*What you will do*. The answer is the exact run of lines in the listing below from the line containing "未開封！特価⭐︎京極Eye Sync MediPro 目元美顔器" up to and including the line containing "Services - Kids Laser Treatment", with pictures removed.

──────────────────────────────

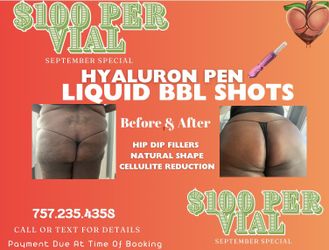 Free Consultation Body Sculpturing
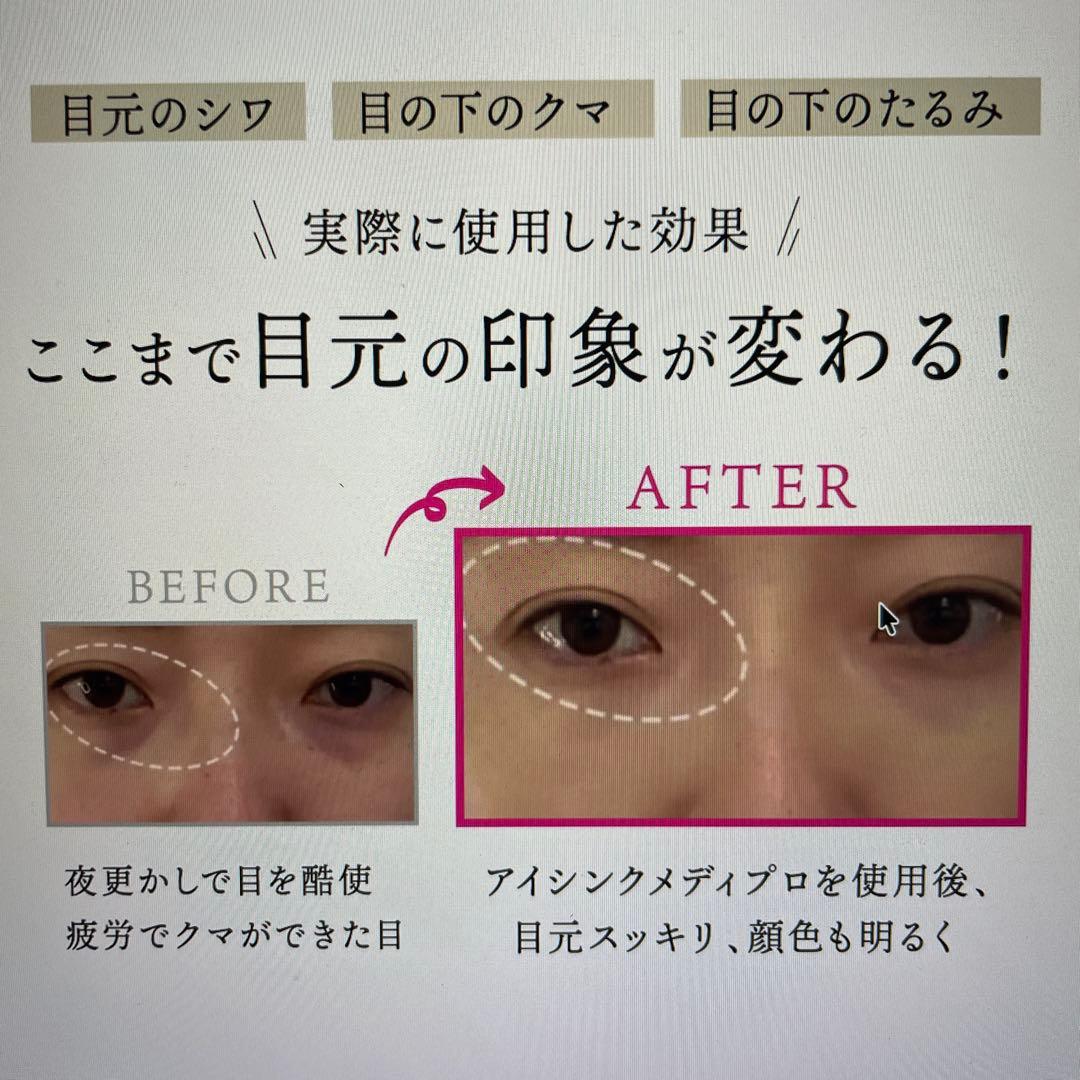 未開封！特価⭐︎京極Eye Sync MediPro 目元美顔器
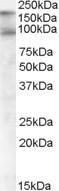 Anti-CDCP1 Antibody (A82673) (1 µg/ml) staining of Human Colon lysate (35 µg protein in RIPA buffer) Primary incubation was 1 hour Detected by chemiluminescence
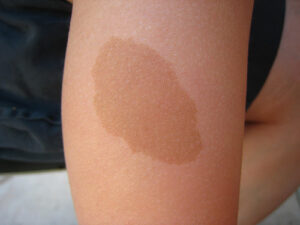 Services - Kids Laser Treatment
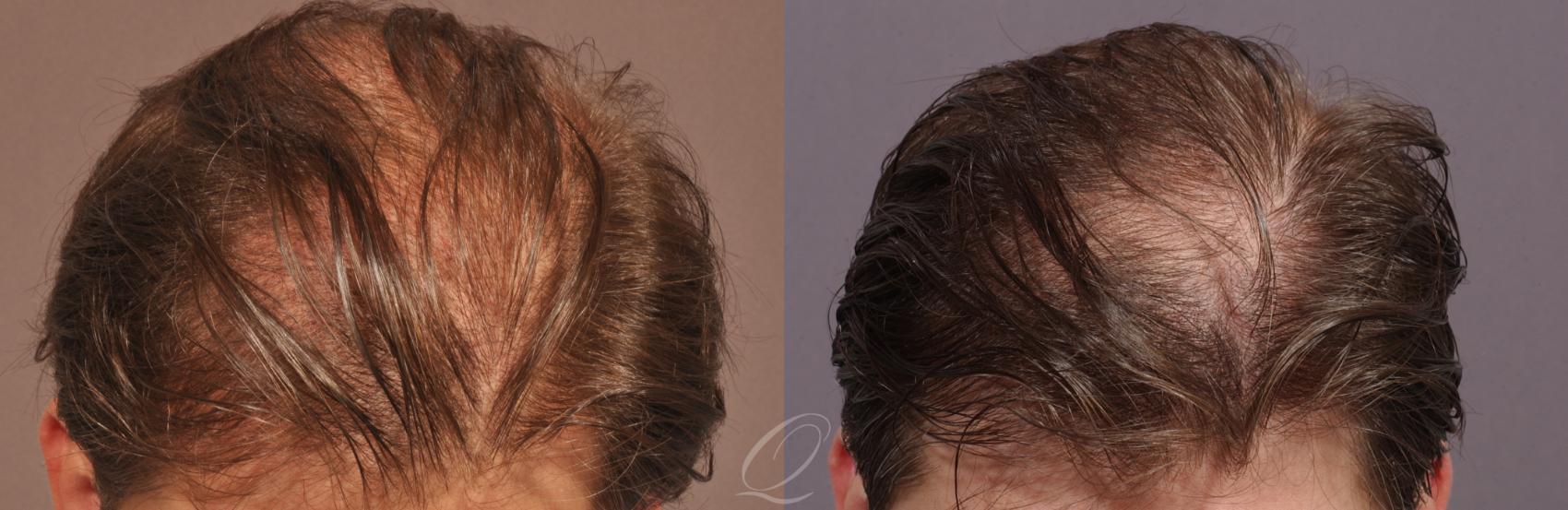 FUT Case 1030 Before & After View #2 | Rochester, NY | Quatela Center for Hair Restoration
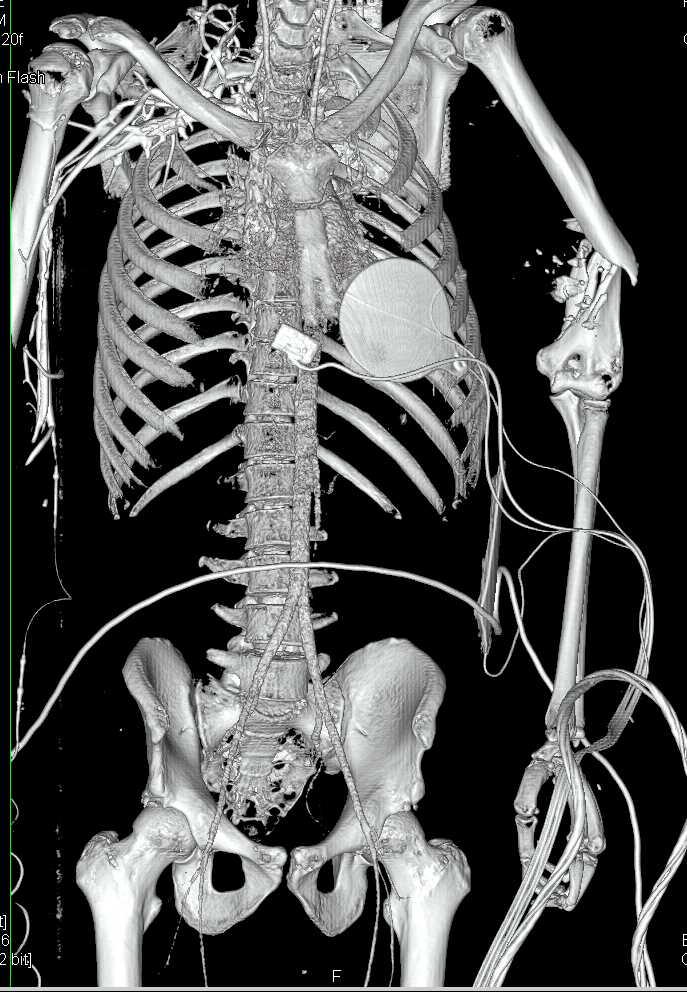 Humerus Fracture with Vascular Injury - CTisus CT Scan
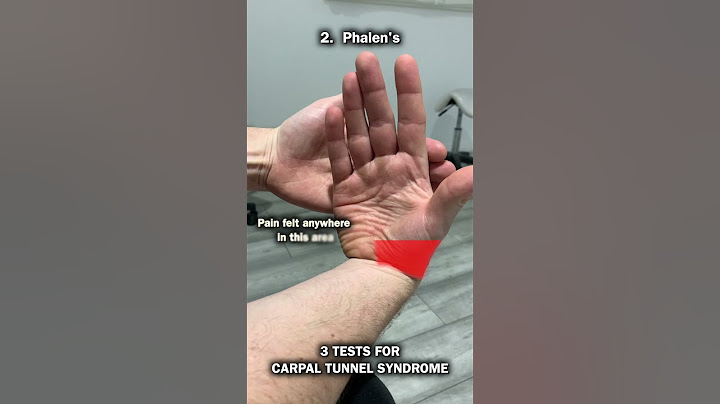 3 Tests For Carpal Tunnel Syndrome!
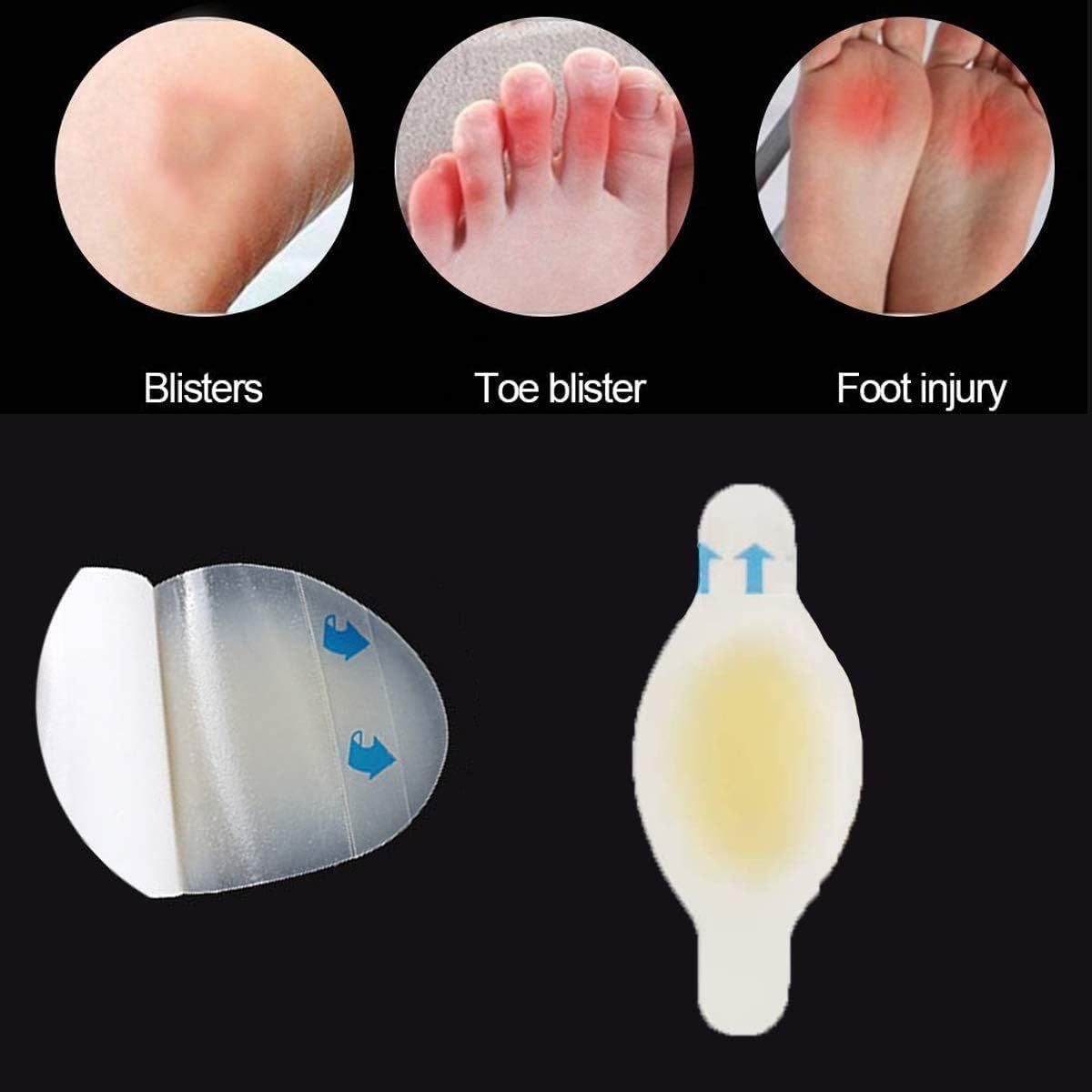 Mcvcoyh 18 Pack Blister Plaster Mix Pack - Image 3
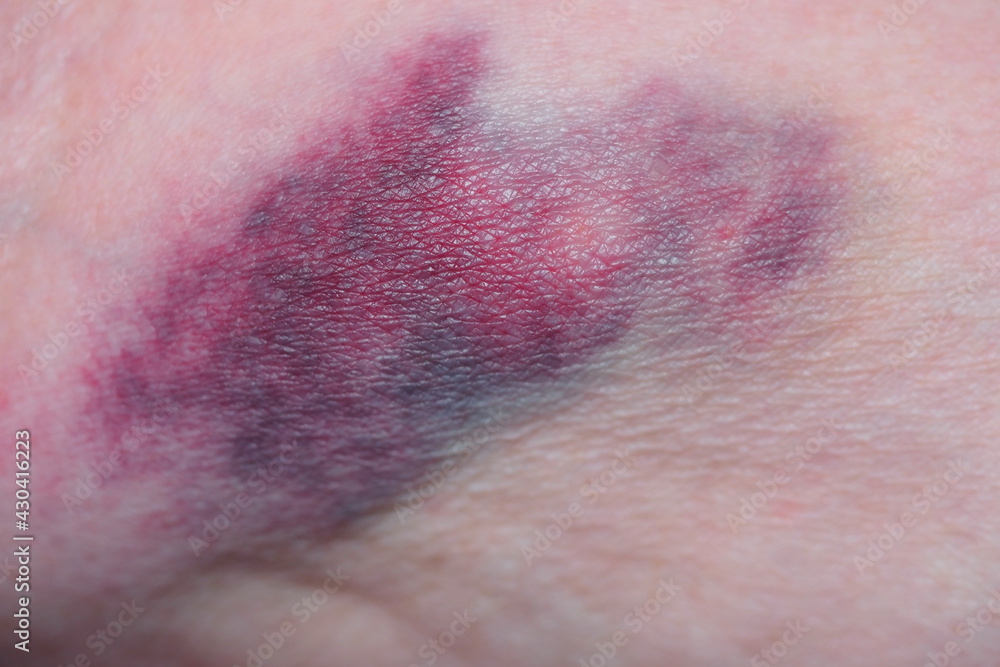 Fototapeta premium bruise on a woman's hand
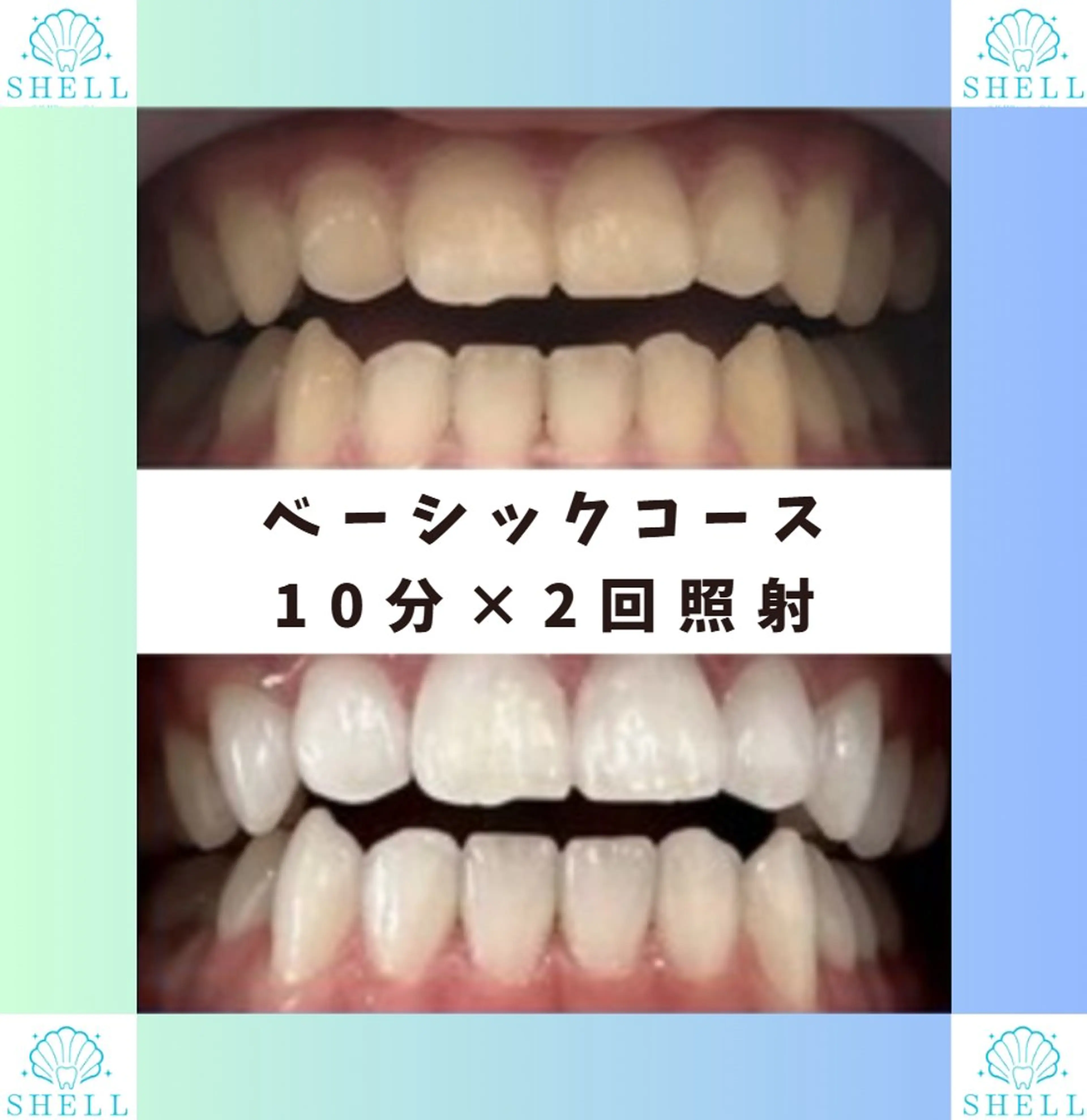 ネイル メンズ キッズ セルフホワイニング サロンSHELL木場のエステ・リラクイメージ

──────────────────────────────

*Task solution*.
 未開封！特価⭐︎京極Eye Sync MediPro 目元美顔器
 Anti-CDCP1 Antibody (A82673) (1 µg/ml) staining of Human Colon lysate (35 µg protein in RIPA buffer) Primary incubation was 1 hour Detected by chemiluminescence
 Services - Kids Laser Treatment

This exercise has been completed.